Brief overview of System Under Test:

Our system under test was an incident logging system. There were few requisites  that needs to be fulfilled before user can successfully create an incident. Few of them are:

1)      User Rights and Associations: User with correct rights and associations should be able to create the incident only in their associated domains and should not infringe outside their domains.

2)      Routing mechanism: Un-authorized users should not be able to access create incident screen either through user action on menu items or directly through URL.

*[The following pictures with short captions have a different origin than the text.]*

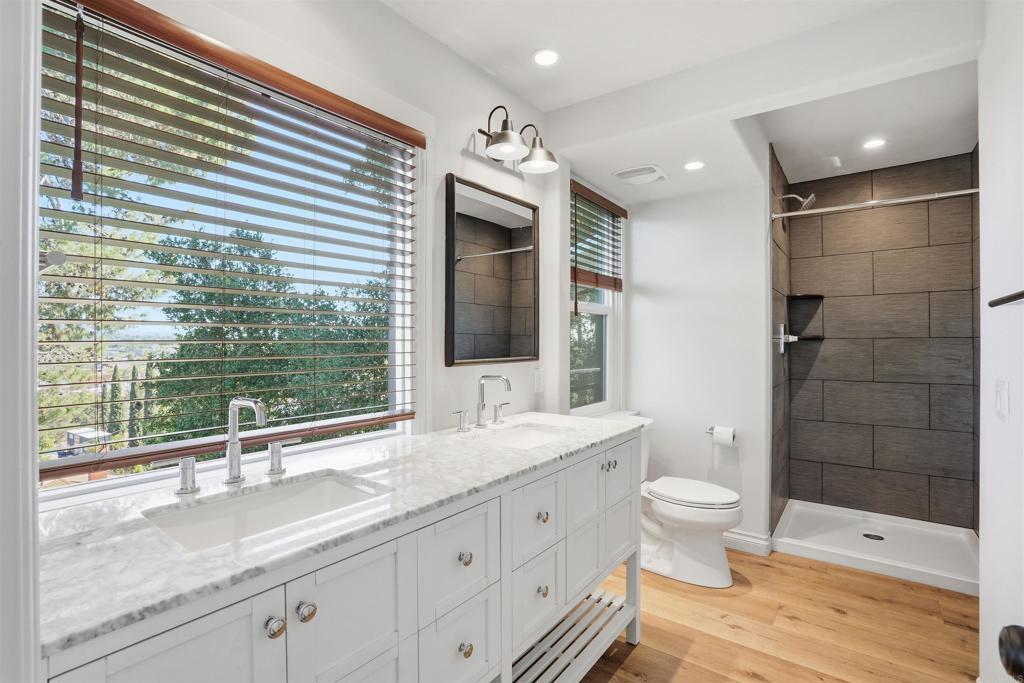 535 Minnesota Avenue Fallbrook, CA 92028 - Photo 19 of 37 Beautiful primary bathroom with shower!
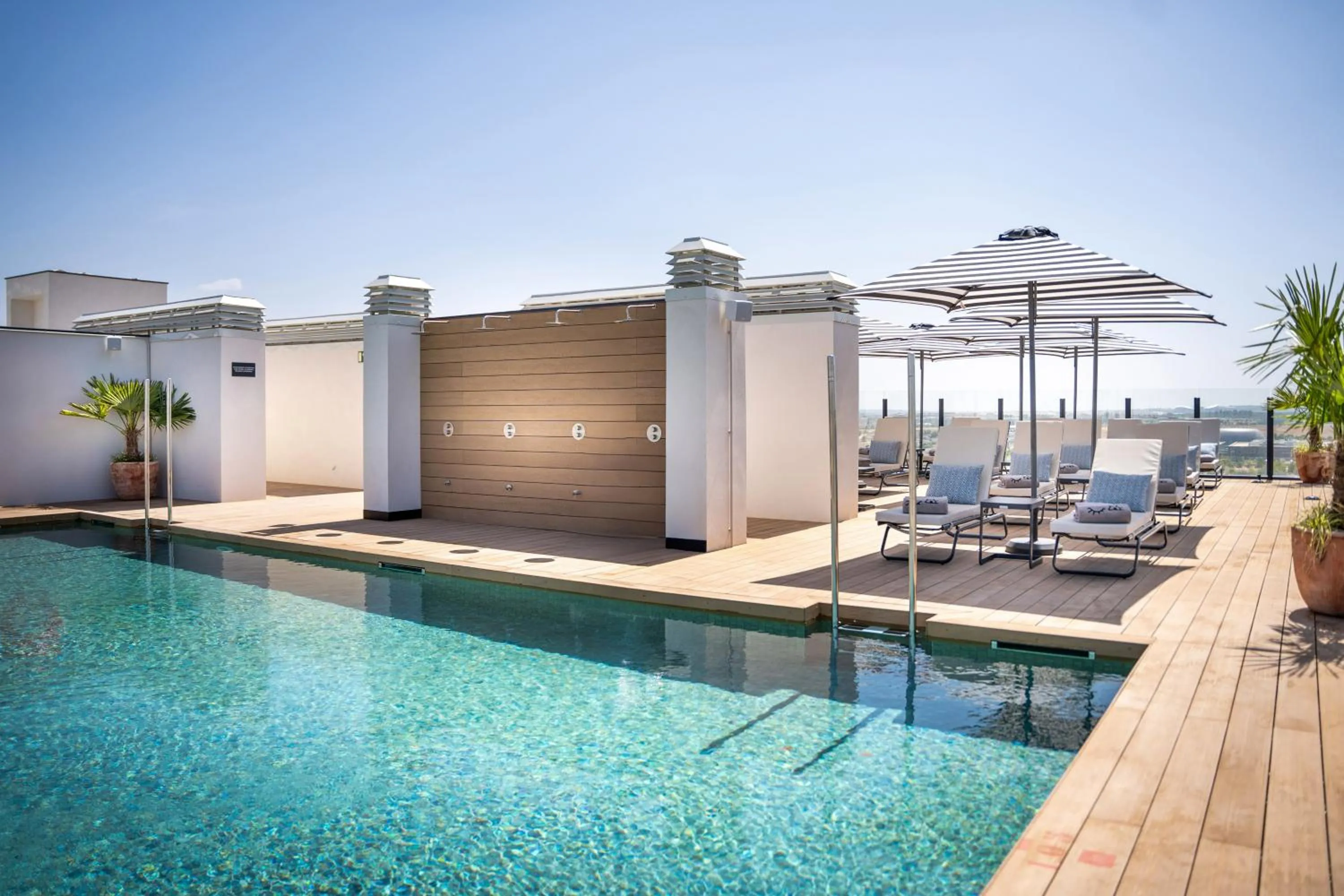 Swimming pool in INNSiDE by Meliá Madrid Valdebebas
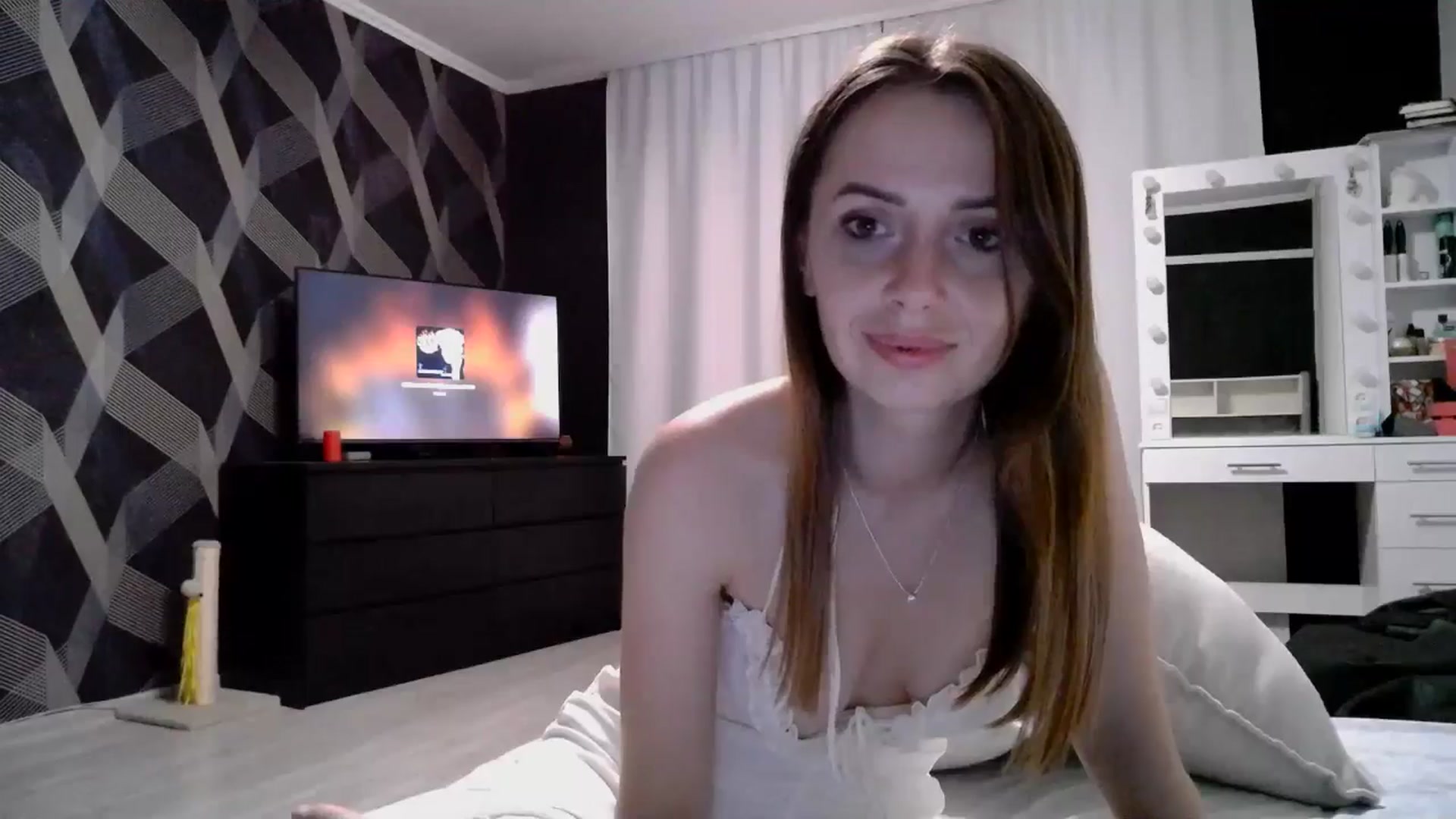 Gallery image thumbnail from Nata_u_friend's myfreecams stream on, 09/01/2024, 17:43 image 18 of 20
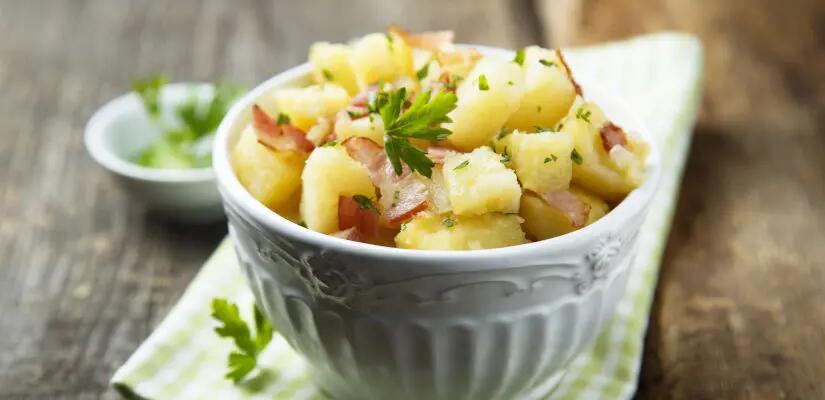 TH05_salade-de-pomme-de-terre-fleurie-au-fromage-de-brebis_adobe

3)      Presence/Absence of Data: Presence of data should be there for mandatory fields before user can create an incident. However, there should not be any checks like this for optional fields.

4)      Dependent fields: Dependent fields should not get the data before their parent fields being populated.

5)      Authenticity of Data: User should not be able to create the incident without the correct data in the fields that have look-up value checks.

Synopsis of the Solution:

 Our algorithm placed the factors outlined above as the bits on the string much like DNA. Each factor was recognized by the place it holds on the string structure.

The objective of the GA was to highlight any false positives i.e. the flows in the application that lead to successful creation of the incident when they should not have been created. For this purpose, we gave higher weights to the factors that were less likely to create an incident. For example, a user (A) with CREATE rights is more likely to create an incident successfully then a user (B) that have just READ rights. So, in this case user B will get significantly higher value of weight than user A as he/she is less likely to create an incident. Same kind of weight distribution was done for other factors as well.

Finally, an equation was created that will calculate the fitness value of the individual string structure. The equation was designed to give higher values of fitness to the individuals that resulted in successful creation of incident even though when the odds of such a thing happening was less. The fitness value of first generation of 10 strings were calculated and then mutation and cross-over events were performed to create the offspring of 10 strings. If the parent was having higher value of fitness then it was retained else child was selected. Once this selection process was over, again the same steps were performed to generate next generation. This process was repeated till the n­th generation. After which human analyst can look at the resultant strings and verify whether these flow really are defects.

Advantages of GA based software testing over traditional testing:

  1.  Able to explore various scenarios hence improved coverage of the system, many of the scenarios may not even cross the mind of the human QAs.
  2. Increasing the Defect Detection Efficiency leading to improved Quality of the system.
  3. Easy to change the directionality of search to find new defects by changing the weights associated with the factors.
  4. Substitute for human testers with the advantage to work on non-business hours including weekends.
  5. High risk area in the application can better be covered by increasing the population size and number of generations.

Associated Challenges:

  1. Technical expertise required to build the framework.
  2. Clear understanding of factors affecting the application is required. It is still not Subject Matter Expert (SME) agnostic. The bias of the SMEs may affect the outcome of the runs.
  3. Hardware intensive. Procuring the advanced computation resources may not be easy in the client environment.

This is a humble attempt to increase the software quality and provide end users with less grief due to missed defects without escalating the project costs.  In the last few years there has been significant involvement of Artificial Intelligence related technologies in most of the aspects of software yet software testing seems to have been eluded by the riches it provides. I sincerely hope that software testing has lot to gain from the advances in the AI making software solutions and products more reliable and efficient over the passage of time.